What is expected: What is needed is an exact transcription of the listing, with the images removed.

Supplied records:
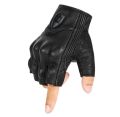 Genuine Leather Half Finger Gloves Icon For Men. 
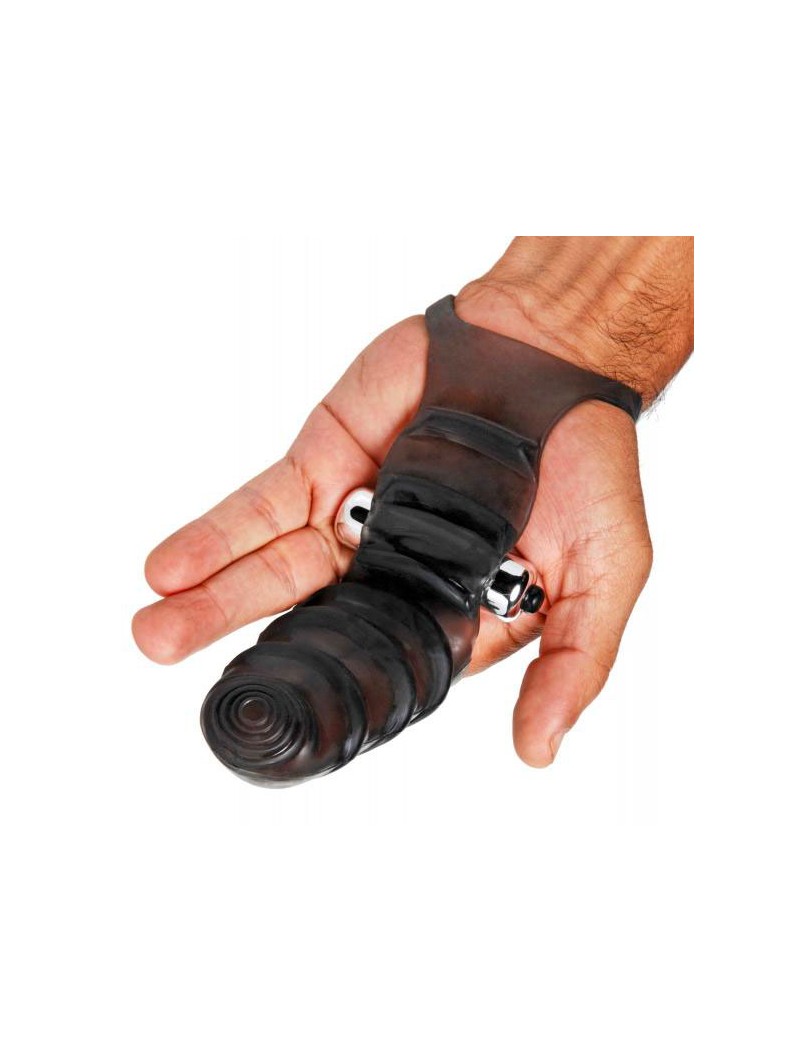 Black Vibrating Finger Glove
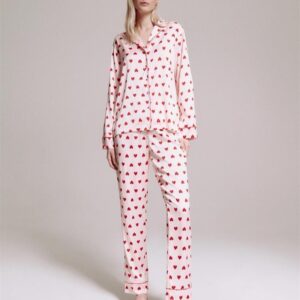 Reserved - Dwuczęściowa piżama w serca - Różowy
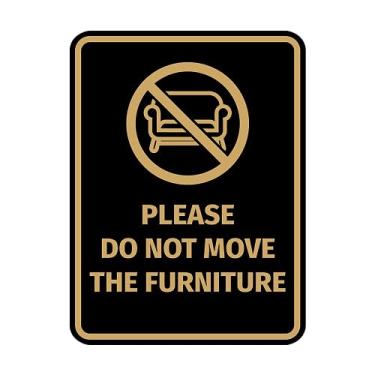 Imagem de Signs ByLITA Retrato redondo, "Please Do Not Move the Furniture Door or Wall Sign" Plástico ABS durável | Gravação a laser | Fácil instalação | Design elegante | AirBNB | Placa de Guesthouse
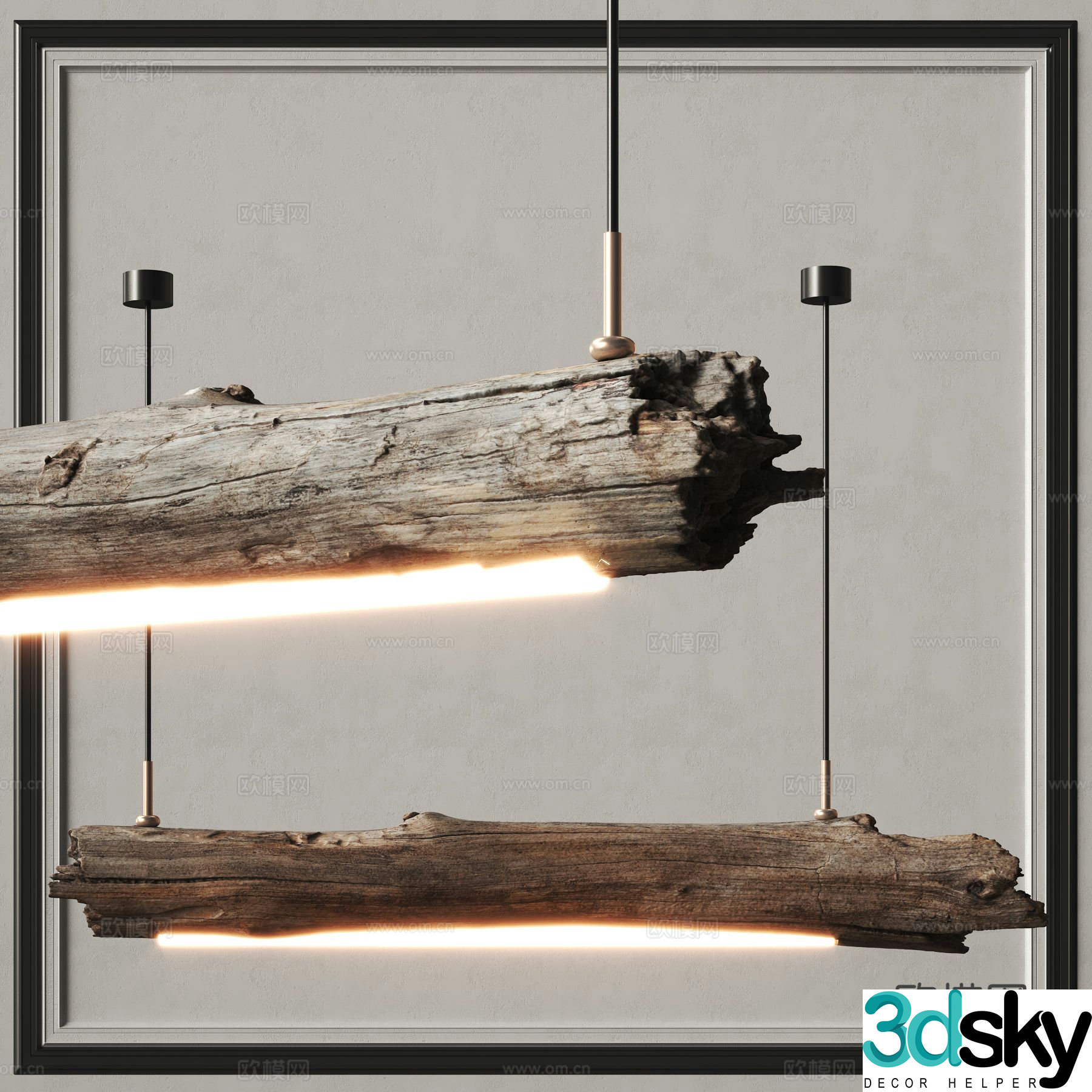 wabi-sabi chandelier tree trunk chandelier wood chandelier 3d model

Solution:
 Genuine Leather Half Finger Gloves Icon For Men. 
 Black Vibrating Finger Glove
 Reserved - Dwuczęściowa piżama w serca - Różowy
 Imagem de Signs ByLITA Retrato redondo, "Please Do Not Move the Furniture Door or Wall Sign" Plástico ABS durável | Gravação a laser | Fácil instalação | Design elegante | AirBNB | Placa de Guesthouse
 wabi-sabi chandelier tree trunk chandelier wood chandelier 3d model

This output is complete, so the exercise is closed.